You may receive a "moderation pending" message; this is harmless.

## Task 1. Logical Inferences [10 points][edit]

Given the following knowledge base KB:

S1: ((¬A ⇔ B) ⇔ C) ⇔ D

S2: (A ⇒ B) ∧ (C ∨ D)

S3: (¬A ∨ ¬B) ⇔ D

and the sentence T:

A ∨ C

**1.1** Determine if KB entails the sentence T using model checking. [2 points]

**1.2** EXTRA CREDIT Determine if KB entails the sentence T using the logical equivalences in R&N figure 7.11 and the inference rules in 7.5.1 (De Morgan, modus ponen, etc). [3 points]

**1.3** Convert each sentence in KB to CNF form. [2 points]

**1.4** Using your results from 1.3, determine if KB entails the sentence T with resolution. [3 points]

## Task 2. First Order Logic [20 points][edit]

**2.1.** a) Give an example where reducing FOL to PL is possible, but impractical. [2]

b) Give an example where reducing FOL to PL is not possible. [2]

**2.2.** Let F(x,y) be the predicate that x can fool y. Assuming domain to be all people in the world, express the following using quantifiers [10]

- Adam can fool exactly three people.
- No one can fool both Marissa and Rebecca.
- There is no one who can fool everyone.
- There is exactly one person who can be fooled by everyone.
- There is at most one person who can fool Sharon.

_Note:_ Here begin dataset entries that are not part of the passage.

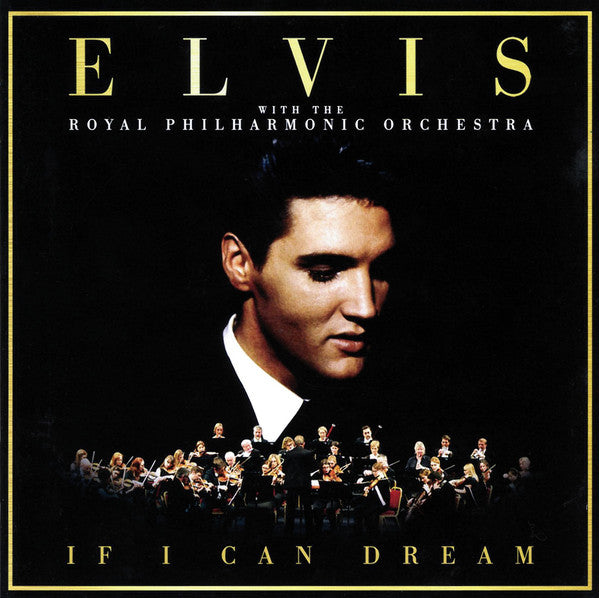 if-i-can-dream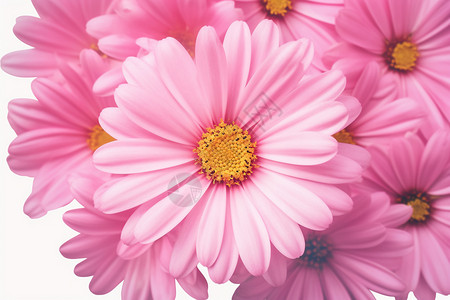 绽放的粉色花朵图片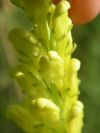 2009-05-24-013-Unknown-Yellow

**2.3.** R&N Problem 9.7 a [2]

**2.3.** R&N Problem 9.9 [4]

## Task 3. Planning [15 points] [Moved to PS4][edit]

**3.1.**
Consider the cleaning agent in the vacuum world again.
Given definitions of the following actions:

Go(Room1) Preconditions: ¬At(Room1) Effects: At(Room1)

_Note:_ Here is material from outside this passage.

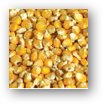 ce-corn1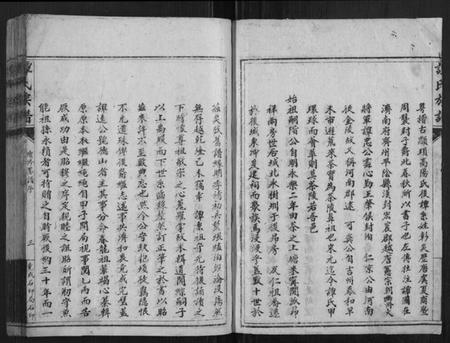 湖南谭氏族谱-谭氏族谱.pdf电子版插图3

Go(Room2) Preconditions: ¬At(Room2) Effects: At(Room2)

Clean(Room1) Preconditions: At(Room1) ∧ Dirty(Room1) Effects: ¬Dirty(Room1)

Clean(Room2) Preconditions: At(Room2) ∧ Dirty(Room2) Effects: ¬Dirty(Room2)

Now we have initial state

At(Room1) ∧ Dirty(Room1) ∧ Dirty(Room2).

The goal state is

At(Room2) ∧ ¬Dirty(Room1) ∧ ¬Dirty(Room2).

Draw planning graph up to level 3 (S0, S1, S2) for this problem. For each step, state action you can take, show preconditions, mutex links and effects.

## Task 4. Wumpus World (Challenge problem) [25 points][edit]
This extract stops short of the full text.